At $25,990 plus on-road costs, the Ford Fiesta ST provides the most bang for your bucks, undercutting the rest of the hot hatch competition. But that price is set to rise $1500 to $27,490 from September 2016, when it gains navigation, a rear-view camera with a higher resolution display, and illuminated scuff plates. What we have here is the $25,990 model with the optional $2328 Mountune kit from Ford that claims to boost power from 134kW/240Nm to 158kW/320Nm (for Fiesta geeks that's higher than the standard ST's 15-second “overboost” mode of 147kW/290Nm). The average fuel consumption rating goes from 6.2 to 6.9L/100km. If you get the Mountune kit fitted at a Ford dealer, it retains the three-year/100,000km factory warranty.
The Fiesta ST is already one of the purest hot hatches.
The bolstered Recaro sports seats can make it feel like your underwear is creeping up, but at least they keep you pinned. It needs to be this way because the Fiesta ST's sharp handling would have you thrown about the cabin otherwise. The interior is showing its age but most mod cons are covered. A rear camera (and nav, among other items) becomes standard with the September 2016 price rise.
Seven airbags and a five-star safety rating. Good road holding also deserves a mention, as do the four-wheel brake discs which have plenty of bite. There's also a “go slow” key that limits top speed and radio volume in case a teenager wants to borrow the car.
The standard 1.6-litre turbo engine is astoundingly elastic in its power delivery, and always feels like it's ready to go.

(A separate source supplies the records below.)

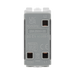 BG Brushed Steel 20A Centre Off Retractive Grid Switch RBS14C – product view 3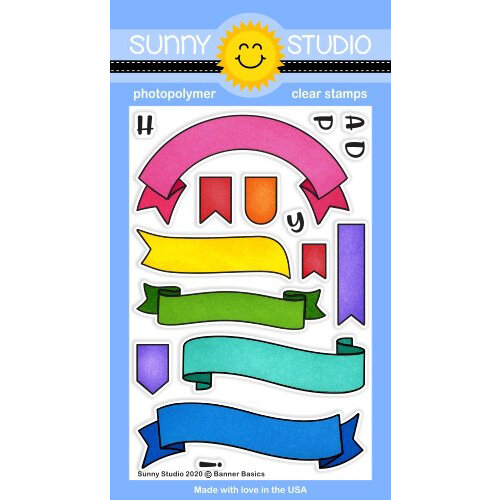 Sunny Studio Stamps - Clear Photopolymer Stamps - Banner Basics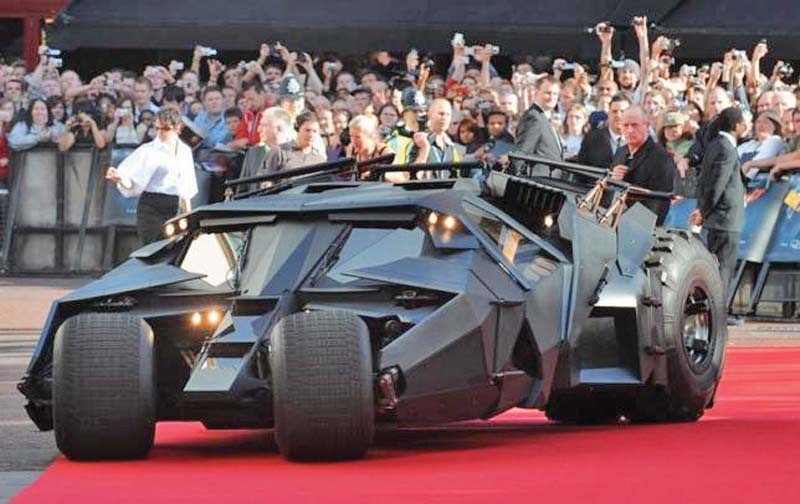 the batmobile arrives for the european premiere of the dark knight in leicester square in central london july 21 2008 photo reuters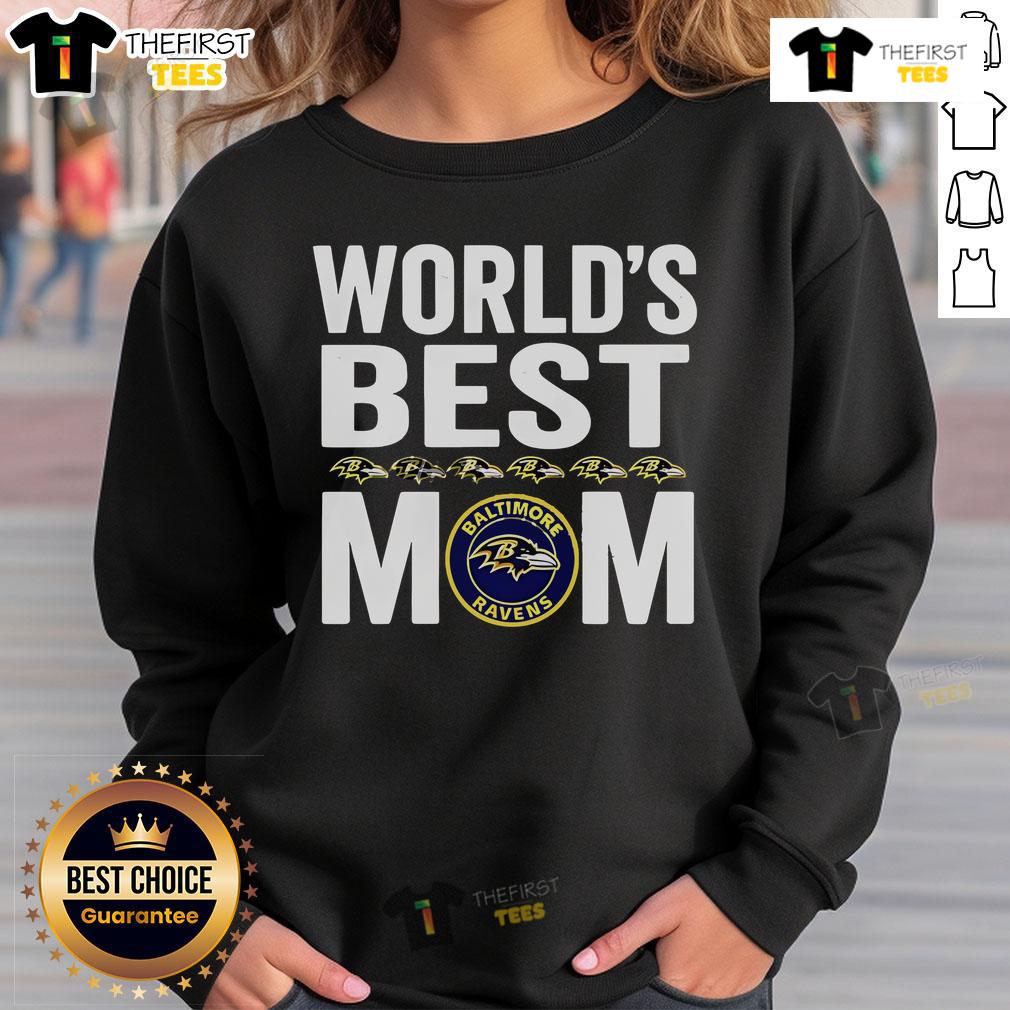 Top Baltimore Ravens Worlds Best Mom Sweatshirt Top Baltimore Ravens World's Best Mom Sweatshirt, featuring team colors and logo, perfect for proud Ravens moms.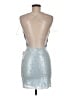 B. Darlin Metallic Silver Cocktail Dress Size M - photo 2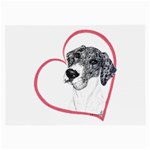 NMtlMrl Dots Heartline Glasses Cloth (Large)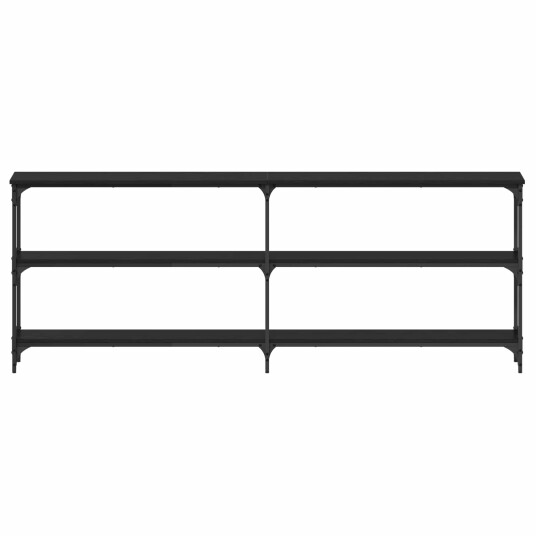 avlastningsbord svart eik 200x29x75 cm konstruert tre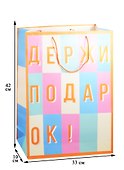 Пакет А3 42*33*10 Держи Подарок нейтр., бум.мат.ламинат - 1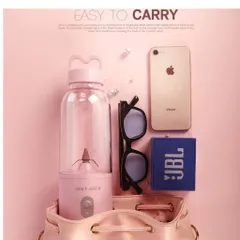 Máy Xay Sinh Tố Di Động NGHIỆN NHÀ, máy xay sinh tố mini, Dung Tích 500ml Tiện Lợi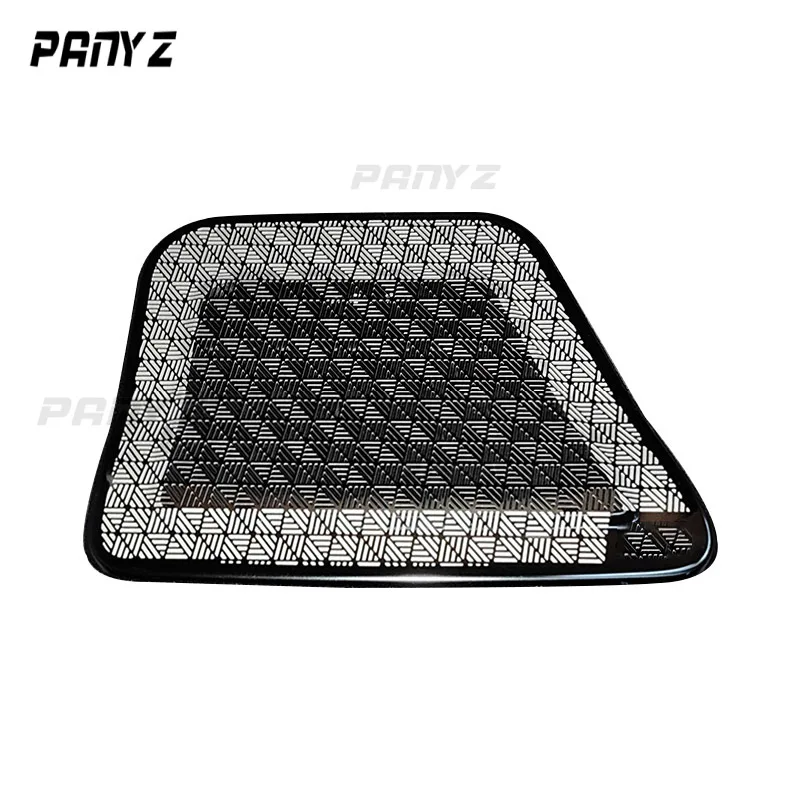 For BMW 2023 7 series G70 i7-M logo Black titanium 2-piece set Air Outlet Mask Under Seat Vent Protection Cover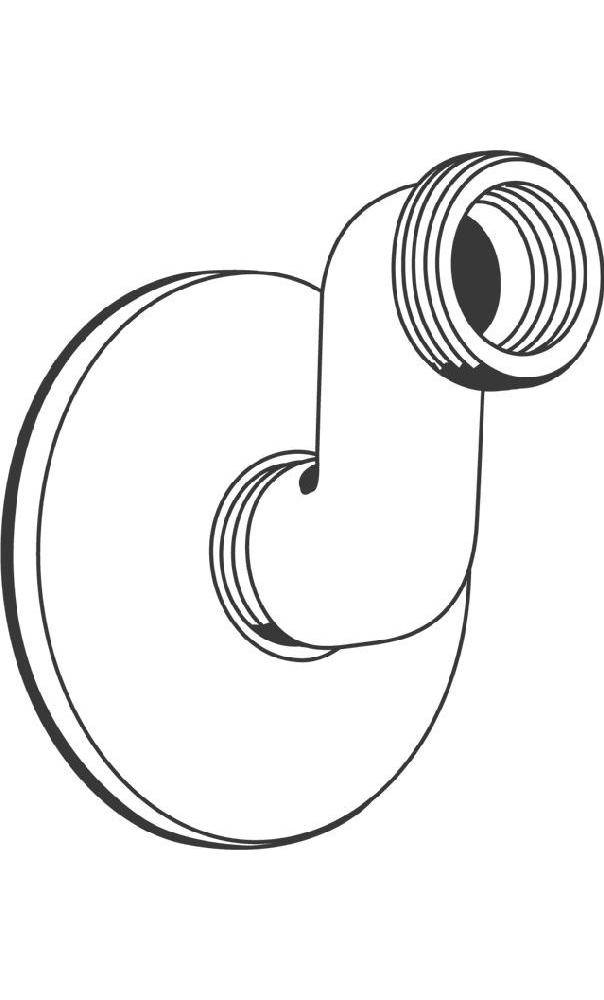 GROHE S-Anschluss 1/2Zollx3/4Zoll verstb 30mm chr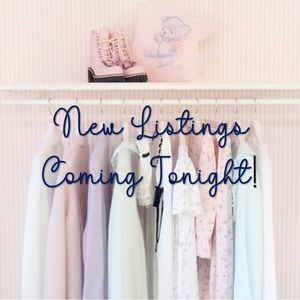 New listings coming tonight! Tops, dresses, sweaters, and more! 👚👖👗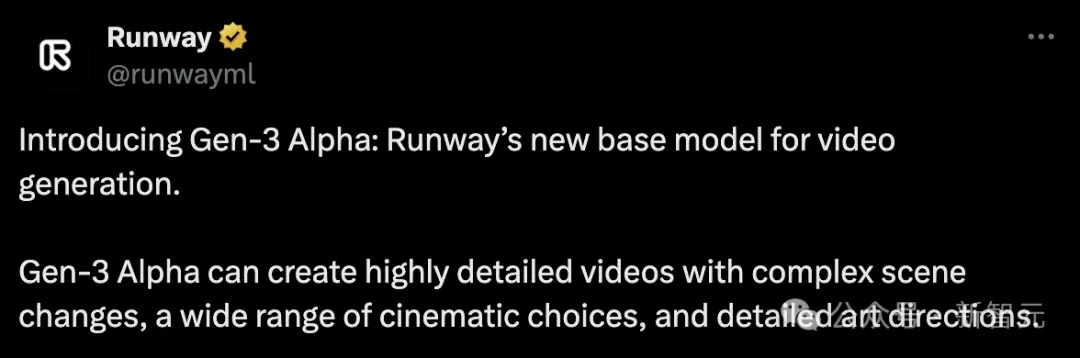 王者归来！AI视频巨头Runway深夜发布Gen-3，演示暴打Sora惊艳网友  第1张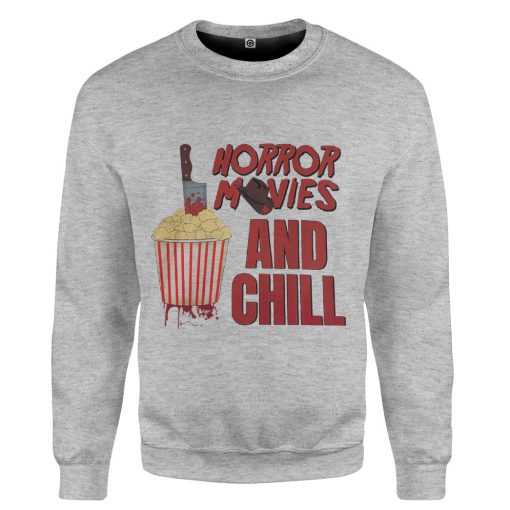Gearhumans 3D Horror Movies And Chill Custom Tshirt Hoodie Apparel - Image 3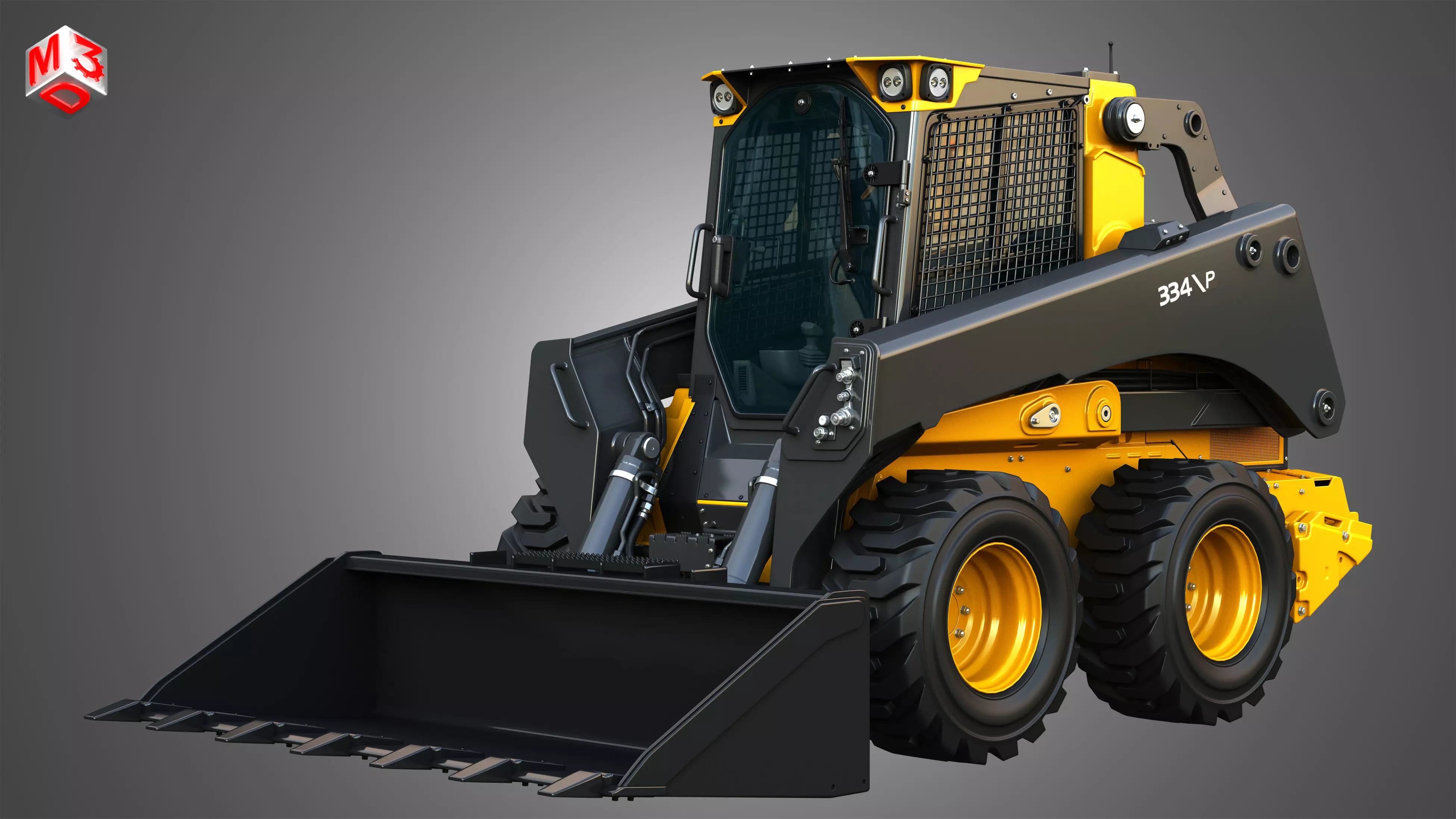 334 P-Tier Skid Steer Loader - Bucket 3D model_0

The Fiesta ST is already one of the purest hot hatches. It fits like a glove and you can feel the car react to every tiny movement of the throttle, steering or brakes. But the suspension can give you a little too much feedback on bumps. The standard 1.6-litre turbo engine is astoundingly elastic in its power delivery, and always feels like it's ready to go. So imagine our disappointment when the Mountune version didn't really feel any different to a standard Fiesta ST. We ran the numbers on a satellite-based timing device to satisfy our curiosity. The absolute best we could manage in the 0 to 100kmh dash was 7.0 seconds. Ford claims 6.9 for the standard car; performance magazines have squeezed a 6.97 and a 7.0 neat out of the standard car. In-gear acceleration felt exactly the same as the standard car. The Mountune-equipped car had done 2800km, so it was run-in. And our test conditions were perfect: cool air temperature, a smooth, dry, grippy road, and we repeatedly got good launches. Having done 5500km in a Fiesta ST I previously owned, I regretfully report this Mountune kit wasn't any quicker in 0 to 100kmh tests or in real world in-gear acceleration.
Volkswagen Polo GTI ... $27,490
Powered by a 1.8-litre turbo (131kW/320Nm) this car is a missile in a straight line, but doesn't handle corners as well as the Ford Fiesta ST.
Citroen DS3 ... $33,990
Similar performance to the Fiesta ST thanks to a similarly sized 1.6-litre turbo (although down on power: 121kW/240Nm), but it doesn't corner as well and the price is way too steep.
Peugeot 208 GTI ... $30,990
Has a more powerful 1.6-litre turbo (147kW/275Nm), handles well and is priced better than the Citroen, but it's still dearer than the Fiesta ST and Polo GTI.